CONTENT TIMESTAMPING

One excellent use case for Blockchains is digital stamping. Imagine it like a digital notary service, but contrary to a traditional notary service you don’t need a trustworthy third party. The blockchain itself provides all the characteristics of a trusted third party: it facilitates secure online transactions, it is a decentralized and distributed network, and registered transactions cannot be altered retroactively. This allows the participants to verify and audit transactions in an inexpensive manner.

Stamping a file on the blockchain proves that the document existed at that particular point of time. If the user has signed the document before stamping, then he may undeniably claim that the document was in his possession at the time of the stamping.

Another advantage is that you can prove the files origin, date, authenticity and integrity, without exposing its contents.

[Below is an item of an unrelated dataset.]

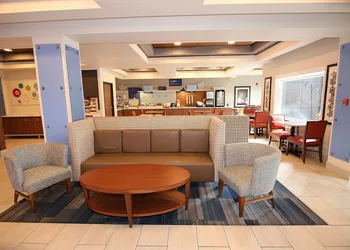 Holiday Inn Express & Suites Ashland by IHG hotel thumbnail 2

For example Bob composes a new tune on his computer. After he has saved the document a small app automatically creates a digitally signed timestamp on the Bitcoin Blockchain. His acquaintance Chuck visits a couple of days later and listens to the new tune. Unfortunately Chuck is also a musician, but not very talented and currently not creative at all. So he decides to steal the song from Bob. A couple of weeks later Chuck releases “his” new song.

If the blockchain stamped tune is indeed original authentic non-stolen & non-copied work signed by the user and if no other previous public statement on the stamped content may be found anywhere then Bob has a very strong argument to also claim authorship.

The timestamp on the Blockchain can be used to notarize any media file, e.g. plain text TXT, Portable Document Format (PDF), Microsoft Word (DOC, DOCX), Image (TIFF, JPEG etc), Spreadsheets (XLS, XLSX), Drawings (CAD) with any kind of content like: Contracts, Photos, Literature, Drawings, Books, Poetry etc. It can be used for digital attribution, proof of existence, prior knowledge, integrity, authenticity.

The stamping is fully decentralized (as is the blockchain itself), thus no third party or centralized internet service is required for the user to prove the certification of the document in the future. The user will be able to prove the document stamping by referring to the pertinent posting of the document’s imprint (hash) on the publicly available blockchain.